Another advanced use of remote diagnostics is two-way communications with the ECM to allow for remote change of engine parameters such as top speed and shutdown. In July, Qualcomm announced a plan to integrate an application from Snap-on Tools with OmniTracs. Snap-on’s e-Technician enables operators to query vehicle data at any time. The application also has a “command and control” feature to re-program vehicle parameters while the vehicle is traveling on or off the road.

“In addition, we believe that in the future, it will do a better job of giving customers the ability to interpret the data and operationalize the data – not in the sense of just sending data back to the home base, but a better job of integrating with fleets’ maintenance software package,” Waterstreet says.

In the short term, Qualcomm plans to offer e-Technician as a separate hardware piece connected to the OmniTracs system. Eventually, the company will embed the product into OmniTracs, Waterstreet says. With the command and control features of remote diagnostics, it’s not difficult to imagine programming trucks’ top speed to adjust automatically by state or region, according to the speed limits of each area.

While the technology exists to make this possible, many companies are still in stage one – searching for a cost-effective way to harness vehicle information. In most cases, solutions that make the most sense from an economic standpoint leverage wireless ECMs with other applications, such as tracking and mobile communications.

Watching the yard
Remote diagnostics can be a matter of feet

For fleets with local operations or trucks that return on a daily or weekly basis, short-range wireless solutions now make it possible to download data from an onboard computer or simply an antenna as vehicles return to the yard.

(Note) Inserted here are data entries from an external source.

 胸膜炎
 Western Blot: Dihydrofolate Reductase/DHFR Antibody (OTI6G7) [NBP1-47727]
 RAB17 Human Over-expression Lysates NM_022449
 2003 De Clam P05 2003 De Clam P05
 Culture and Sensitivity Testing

For years, the major providers of diagnostics tools have used cable to download data from the vehicle’s J1708 datalink connector. Now a host of short-range wireless solutions are entering the market.

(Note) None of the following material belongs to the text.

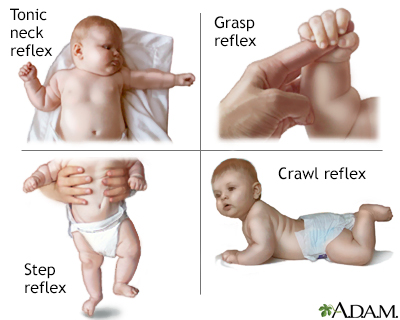 Infantile primitive reflexes.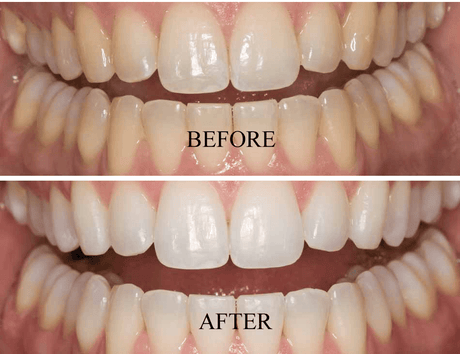 Santorini Smile Teeth Whitening Teeth Whitening Box.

Mack Trucks, for example, offers an onboard data logger called DataMax that records trip and life-of-vehicle information, such as maintenance and fault codes, engine duty cycle and a driver’s daily stop-and-go activities. The company also offers InfoMax Wireless, a tool that utilizes 802.11b frequency standard to transmit data from vehicles to a local computer instantly and automatically when the vehicle is within range. Fleets can specify what data they want as well as how often they get it, the company says.

Truck manufacturers Volvo North America and International also have developed proprietary wireless tracking and vehicle monitoring systems, although these systems use satellite and cellular-based networks, respectively.

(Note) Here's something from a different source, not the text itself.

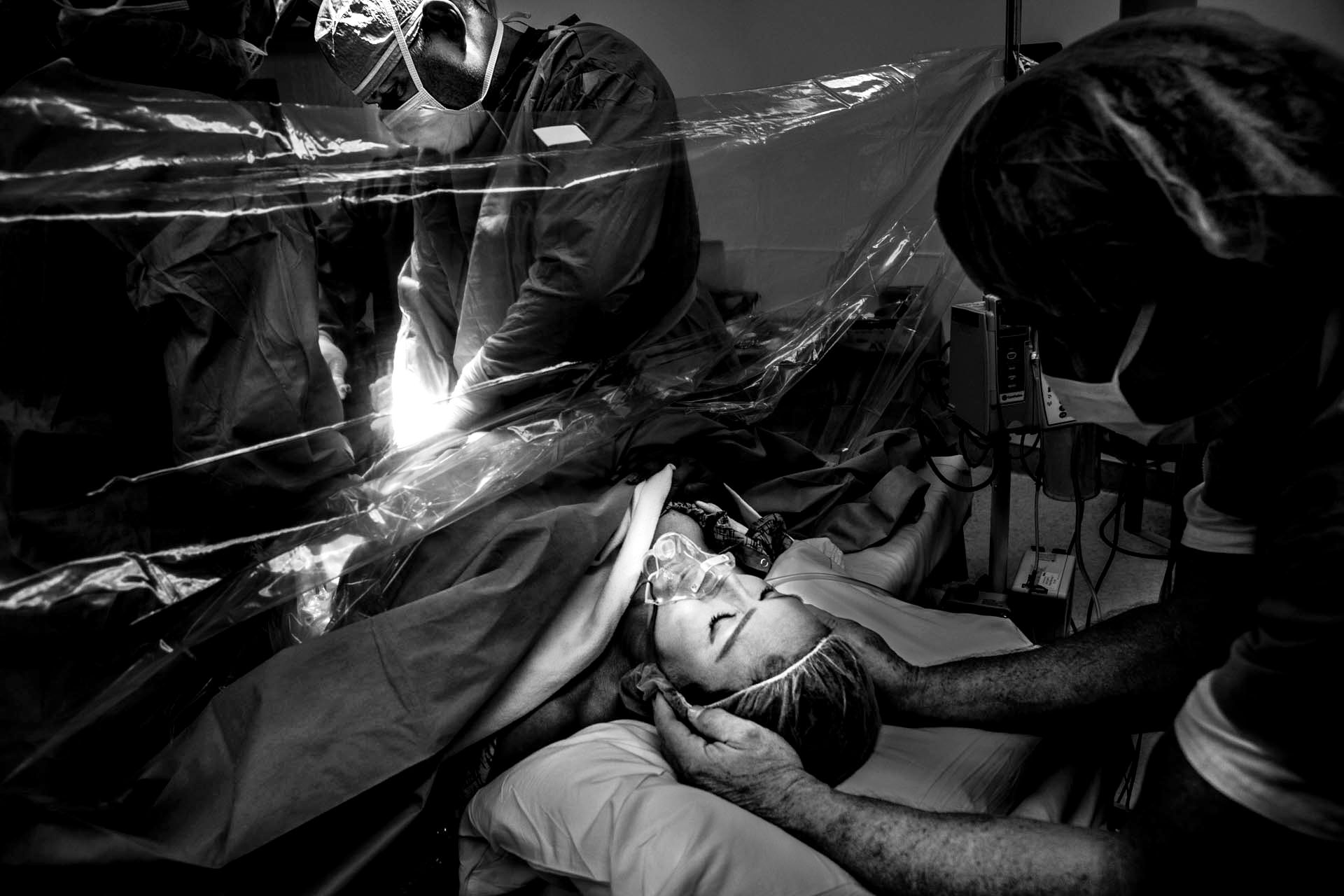 Black and white photo of a cesarean birth by Beverly Hills Birth photographer, Leona Darnell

Scan tools also are making the move toward wireless. Later this year, Eaton Truck Components, which markets the MD Scan Tool, will release a wireless version that works within 802.11b standard. The company also plans to move into cellular-based diagnostics in 2005, says Matt Starks, Eaton’s manager of installation and support development. The advantage of using a wireless scan tool, Starks says, is that you wouldn’t need a dedicated transmitter for each computer. All scan tools would transmit data to the same PC.

CAT Engines is soon to release a wireless system as well. The engine manufacturer now offers Palm OS-based and PC-based software to download data from engines. The company is nearing production of a wireless communications adapter that uses the 802.11b standard. The hardware could be installed on a truck permanently or temporarily.

“I could envision that some truck fleets would want to put (a wireless adapter) on every machine, and as a truck comes in, it would automatically download through the wireless network to a desktop connected to your parts order and warranty system,” says Mike Watson, product development manager for Caterpillar dealer service tools. “It should be able to improve the productivity of technicians.”

Tests have shown the wireless adapter will work over a half-mile, assuming a directional antenna and a clear line of sight. In a service bay environment, the system is reliable up to 300 feet. With a small whip antenna on the top of the truck, the distance jumps to 1,000 feet.